Last week I presented some thoughts on the importance of change as it relates to the writings of Evelyn Underhill. She cogently reminds us “that what is now tradition was once innovation: that the real Christian is always a revolutionary, belongs to a new race and has been given a new name and a new song. God is with the future.” I like that—God is with the future—we don’t have to be afraid of it or of what is coming down the pike. We can resolutely trust in God who is Lord of the past, present and future.
On this matter I also appreciate the writings of Richard Rohr who reminds us that the biblical word metanoia (usually translated as conversion) literally means to change your mind.
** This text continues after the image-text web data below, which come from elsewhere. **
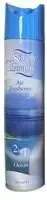Oro gaiviklis Simply Theraphy Ocean 300ml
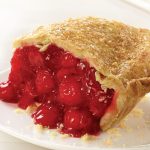 FREE Slice of Pie on Wednesdays at Village Inn! Thumbnail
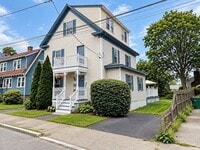 Building Photo - 27 Mystic Ave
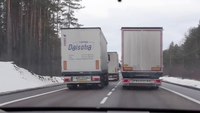 Comment être un connard 2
As a result, he encourages us to maintain an expansive mind so we can pair our thinking with the fluidity of the Spirit’s movement. Listen to Rohr as he comments on the limitations of our ideas about God as opposed to a focus on the person of God (Jesus):
Surely God does not exist so that we can think correctly about Him—or Her. Amazingly and wonderfully, like all good parents, God desires instead the flourishing of what God created and what God loves—us ourselves. Ironically, we flourish more by learning form our mistakes and changing than by a straight course that teaches us nothing.
Rohr goes on to add a pithy point concerning our infatuation with a cerebral analysis of the Godhead:
If certitude, predictability, and perfect order were so important, Jesus would have come in a time of digital recorders and cameras, and he would have at least written his ideas down somewhere—and more clearly! He would have described his task as the establishing of archives instead of a sprawling banquet of rich food and wine, as he consistently did. He said, “I have come that you might have life, and a very abundant life at that” (John 10:10). How did we ever get correct rational ideas confused with an abundant life? (Richard Rohr)
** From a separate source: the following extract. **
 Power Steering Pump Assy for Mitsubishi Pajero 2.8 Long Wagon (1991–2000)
Change, expansion, fluidity, openness, and mystery are far more in line with the Spirit’s work on planet earth than theories based on rigidity, judgmentalism, and black and white thinking.
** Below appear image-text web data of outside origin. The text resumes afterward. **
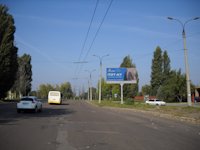 Білборд №75593 в місті Черкаси (Черкаська область), розміщення зовнішнішньої реклами, IDMedia-оренда найнижчі ціни!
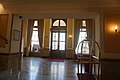 Grand Hotel, Lublin (50309376798).jpg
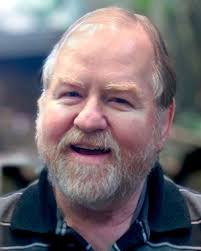 Ron Keller Obituary November 4, 2024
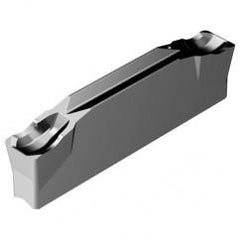 N123H2-0400-0003-CR Grade 1105 CoroCut® 1-2 Insert for Parting - Caliber Tooling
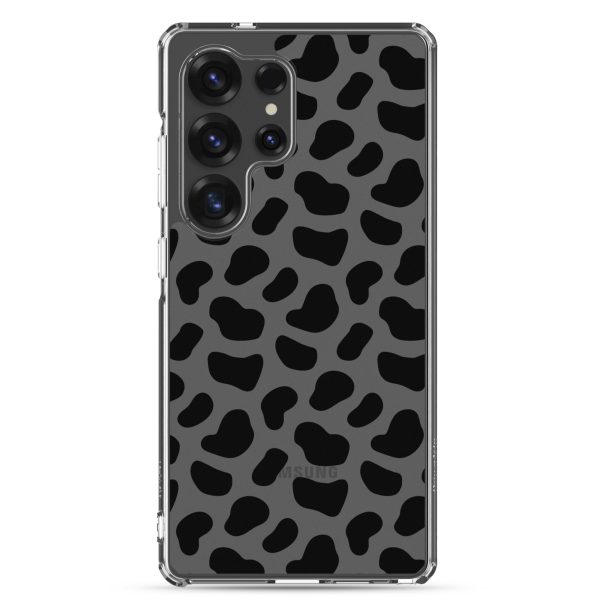 clear-case-for-samsung-samsung-galaxy-s25-ultra-case-on-phone-6a1e799067fcb.jpg Dalmatian Dog Samsung Clear Case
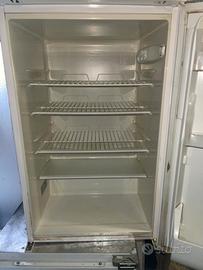 Frigorifero Electrolux da incasso REVISIONATO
Amen...I pray we walk in truth that Christ have come that you might have life, and a very abundant life at that”, I need a overflow of that Pastor Alan, so with open arms stretch to heaven I welcome change. Have blessed day Pastor Alan🥰
Thank you! Yes, change is inevitably, and I'd like to borrow a couple of words from verse 51 in 1 Corinthians 5: "...but we are all going to be changed." I can’t help but believe that God is not static and whether I embrace it, it will happen with or without me. I don't understand a lot it, but I expect it will be revolutionary and exciting albeit with its challenges.